Stored items:
▬▬▬▬▬▬▬▬▬▬
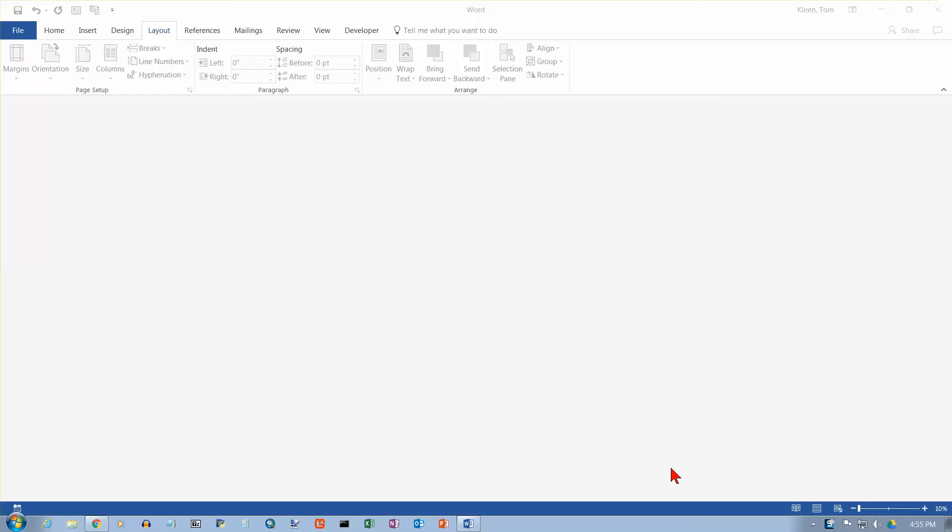In this video, we're going to take a look at a feature of Word called Templates. And you see right now I have Word open, but I do not have a document.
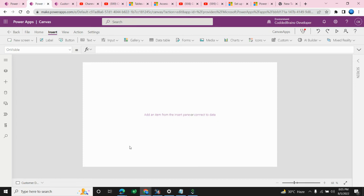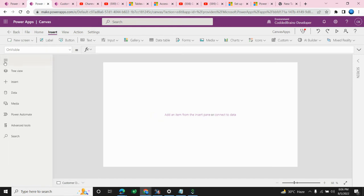Hello everyone. In this video we are going to see the importance of collections in Power Apps. We'll see how to create a collection, bring data from a data source and collect it inside the collection, then use this collection as a data source for a gallery control. Inside the gallery control, instead of using standard design templates, we will create an empty template and add controls as per our custom requirements.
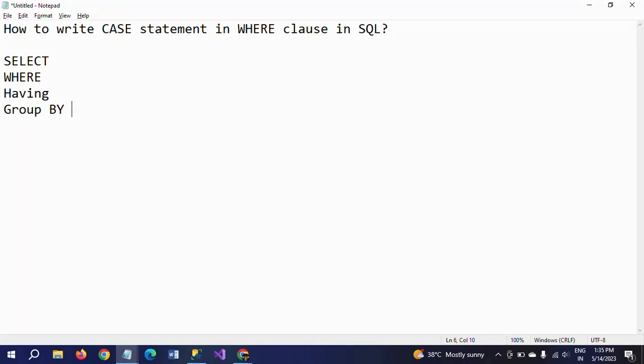Hi friends, this is Ramana. Today I will show a demo on how to write CASE statements in the WHERE clause in SQL. The CASE expression goes through the conditions and returns the value when a condition is met. Once the condition is true, it reads the code between CASE and END. If no conditions are true, it returns the value in the ELSE part. We can write the CASE statement in SELECT, WHERE, HAVING, and GROUP BY.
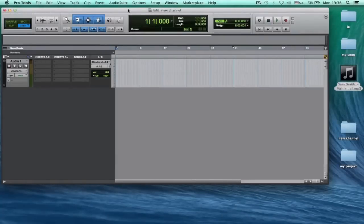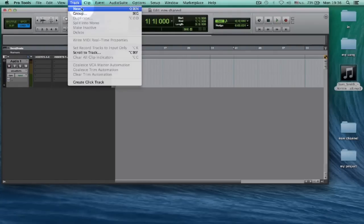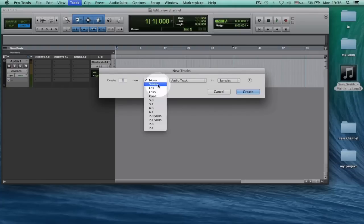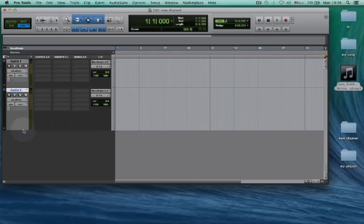Welcome back. Today I'm going to show you how to import your audio file. First, go to Track, then Create New Track. Choose Stereo and click Create, and you can see the new track right here.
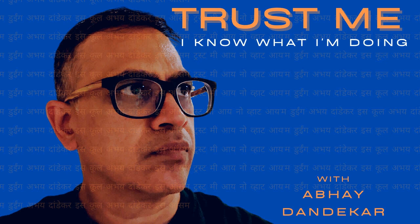My name is Abhay Dhandekar, and I share conversations with talented and interesting individuals linked to the global Indian and South Asian community. It's informal and informative, adding insights to our evolving cultural expressions, where each person can proudly say, Trust Me, I Know What I'm Doing.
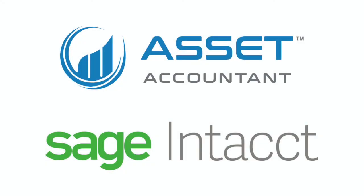Do you use, or are you considering using, Sage Intacct as your ERP? Asset Accountant is a best-of-breed fixed assets depreciation engine that integrates seamlessly with Sage Intacct.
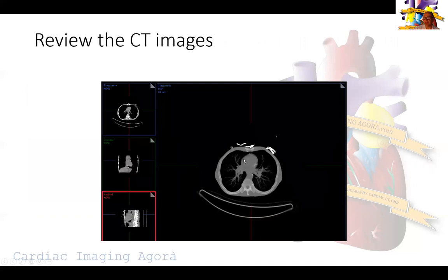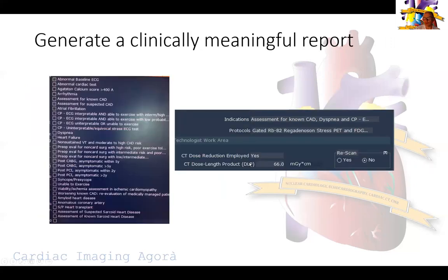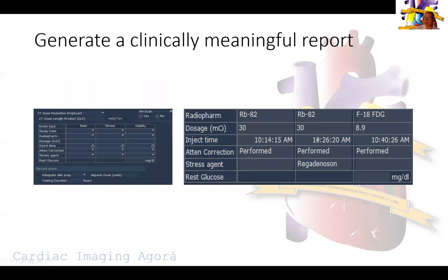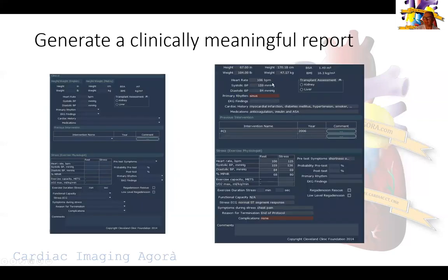Then we go back to the CT images looking for calcifications. There is calcium in the aorta and extensive calcification in the coronary arteries. For the report, we filled in the indication: known CAD presenting with dyspnea, shortness of breath, and chest pain. The radiation dose was a DLP of 66. Rubidium was given for rest/stress and FDG 8.9 millicuries. The clinical part documents baseline heart rate, blood pressures, medications, prior interventions, and what happened during the stress test.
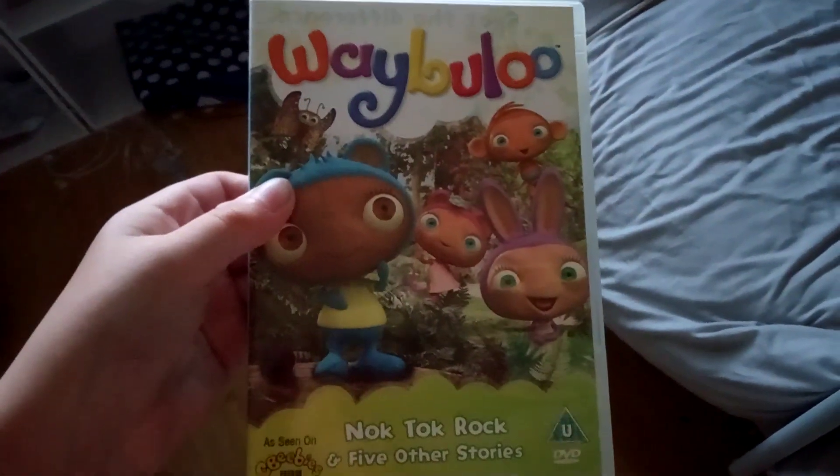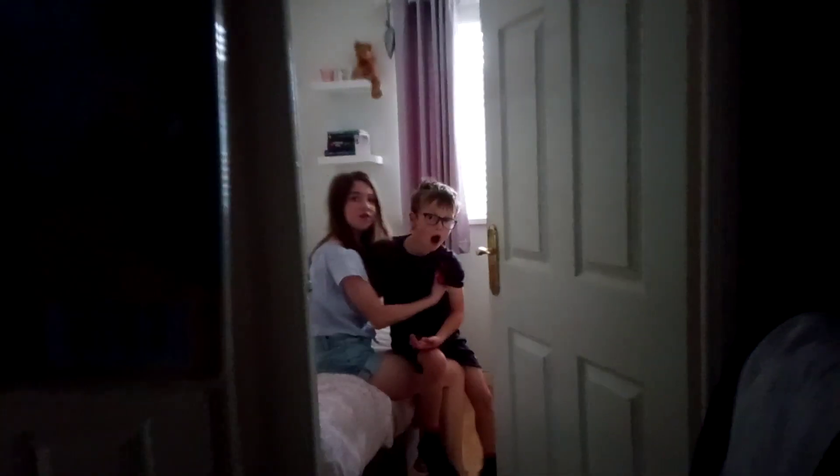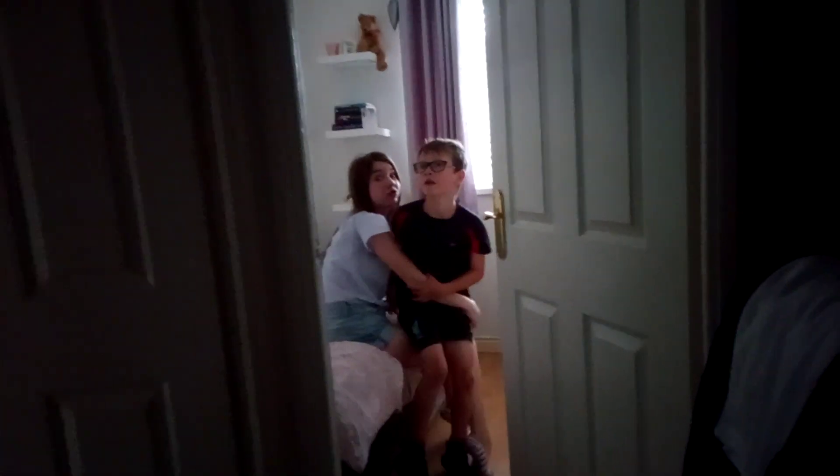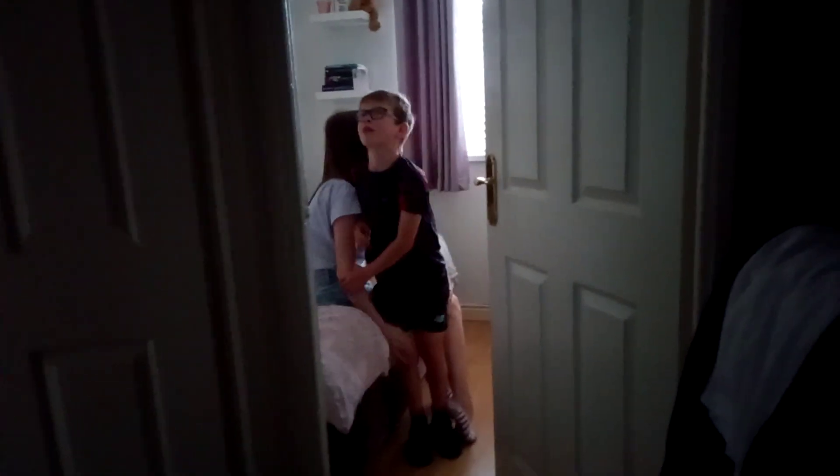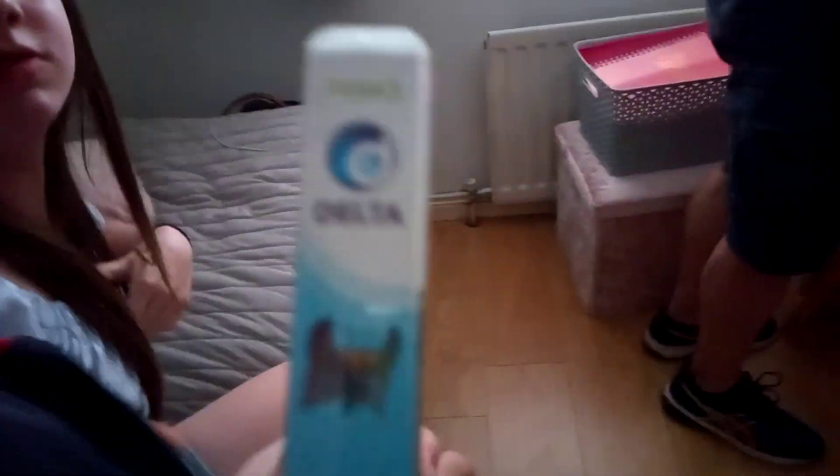I'm going to show this DVD to Jack. Jack, Jack, Jack, look! It's Way Below, Knock Talk Rock, and five other stories. I've seen it on C-Babies. It's the front spine based by Delta Home Entertainment. In the back, Jesus Christ.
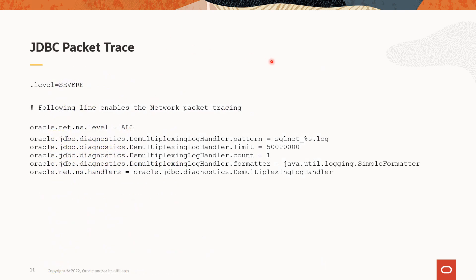To enable the packet trace, we need to follow the three steps that we discussed earlier. One is using ojdbc underscore g dot jar file. That's number one step. The two is enable the logging switch by system property or through API calls. And step three is need to pass the logging properties either by system property or through API calls.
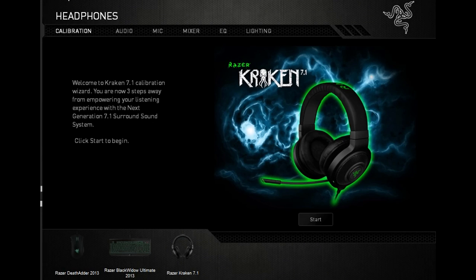What's up, it's your boy Foops. I'm gonna show you the best settings for the Razer Kraken 7.1s, at least I think they're the best settings. I play a lot of Counter-Strike, so these settings are for Counter-Strike.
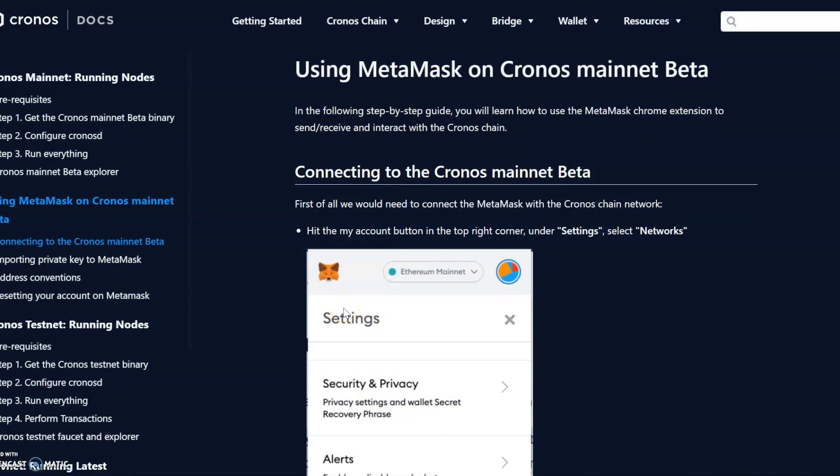Hello people, welcome to Crypto Pip. It's going to be just a short video to show anyone who wants to go onto the Cronos mainnet via your MetaMask wallet how you connect to their network.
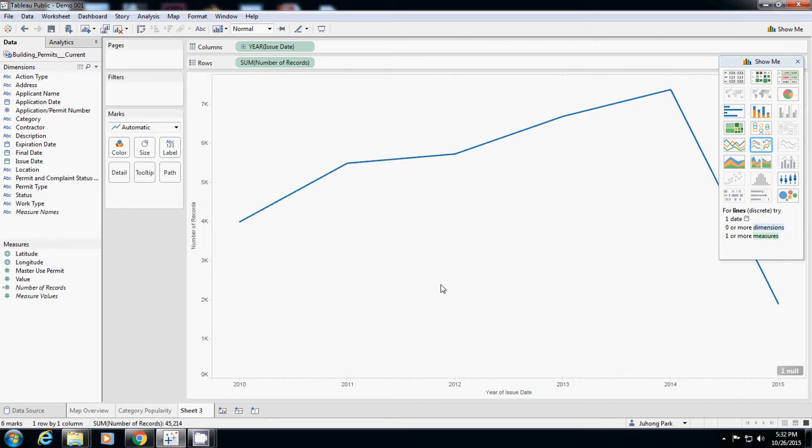Overall application is increasing, that's what we can say excluding 2015. But we also want to know if all four categories are increasing or decreasing.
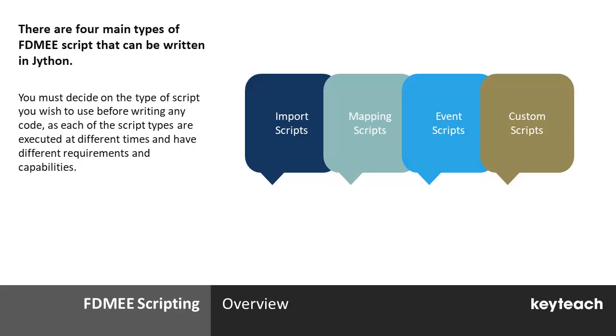Scripts can be added to FDMEE, providing a huge amount of flexibility for extending and improving upon FDMEE's default behaviour. Various languages are available for use in different areas of FDMEE, however Jython is the primary scripting language used.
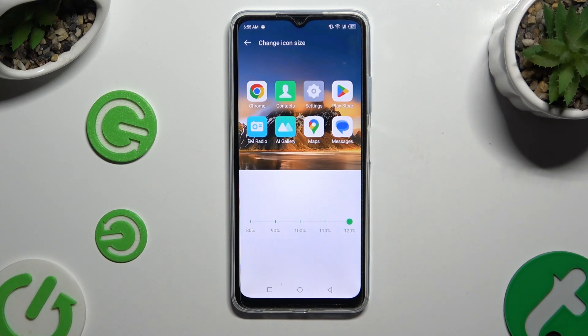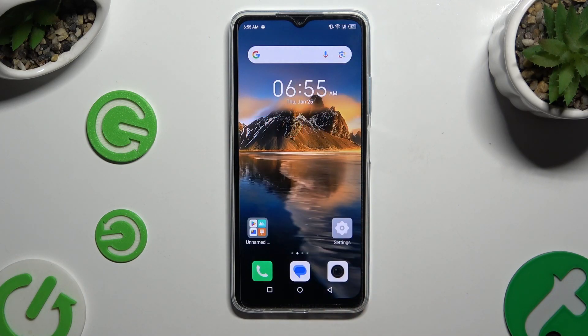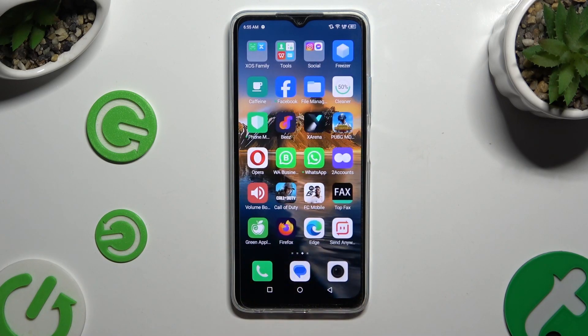When you're finished, click on the home button. As you can see, after that the size of my icons has changed.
▬▬▬▬▬▬▬▬▬▬
## ABOUT THIS EXERCISE
Line by line, write out the data above exactly, without the pictures.

## EXERCISE ANSWER
In this video, we're going to take a look at a feature of Word called Templates. And you see right now I have Word open, but I do not have a document.
Hello everyone. In this video we are going to see the importance of collections in Power Apps. We'll see how to create a collection, bring data from a data source and collect it inside the collection, then use this collection as a data source for a gallery control. Inside the gallery control, instead of using standard design templates, we will create an empty template and add controls as per our custom requirements.
Hi friends, this is Ramana. Today I will show a demo on how to write CASE statements in the WHERE clause in SQL. The CASE expression goes through the conditions and returns the value when a condition is met. Once the condition is true, it reads the code between CASE and END. If no conditions are true, it returns the value in the ELSE part. We can write the CASE statement in SELECT, WHERE, HAVING, and GROUP BY.
Welcome back. Today I'm going to show you how to import your audio file. First, go to Track, then Create New Track. Choose Stereo and click Create, and you can see the new track right here.
My name is Abhay Dhandekar, and I share conversations with talented and interesting individuals linked to the global Indian and South Asian community. It's informal and informative, adding insights to our evolving cultural expressions, where each person can proudly say, Trust Me, I Know What I'm Doing.
Do you use, or are you considering using, Sage Intacct as your ERP? Asset Accountant is a best-of-breed fixed assets depreciation engine that integrates seamlessly with Sage Intacct.
Then we go back to the CT images looking for calcifications. There is calcium in the aorta and extensive calcification in the coronary arteries. For the report, we filled in the indication: known CAD presenting with dyspnea, shortness of breath, and chest pain. The radiation dose was a DLP of 66. Rubidium was given for rest/stress and FDG 8.9 millicuries. The clinical part documents baseline heart rate, blood pressures, medications, prior interventions, and what happened during the stress test.
I'm going to show this DVD to Jack. Jack, Jack, Jack, look! It's Way Below, Knock Talk Rock, and five other stories. I've seen it on C-Babies. It's the front spine based by Delta Home Entertainment. In the back, Jesus Christ.
To enable the packet trace, we need to follow the three steps that we discussed earlier. One is using ojdbc underscore g dot jar file. That's number one step. The two is enable the logging switch by system property or through API calls. And step three is need to pass the logging properties either by system property or through API calls.
What's up, it's your boy Foops. I'm gonna show you the best settings for the Razer Kraken 7.1s, at least I think they're the best settings. I play a lot of Counter-Strike, so these settings are for Counter-Strike.
Hello people, welcome to Crypto Pip. It's going to be just a short video to show anyone who wants to go onto the Cronos mainnet via your MetaMask wallet how you connect to their network.
Overall application is increasing, that's what we can say excluding 2015. But we also want to know if all four categories are increasing or decreasing.
Scripts can be added to FDMEE, providing a huge amount of flexibility for extending and improving upon FDMEE's default behaviour. Various languages are available for use in different areas of FDMEE, however Jython is the primary scripting language used.
When you're finished, click on the home button. As you can see, after that the size of my icons has changed.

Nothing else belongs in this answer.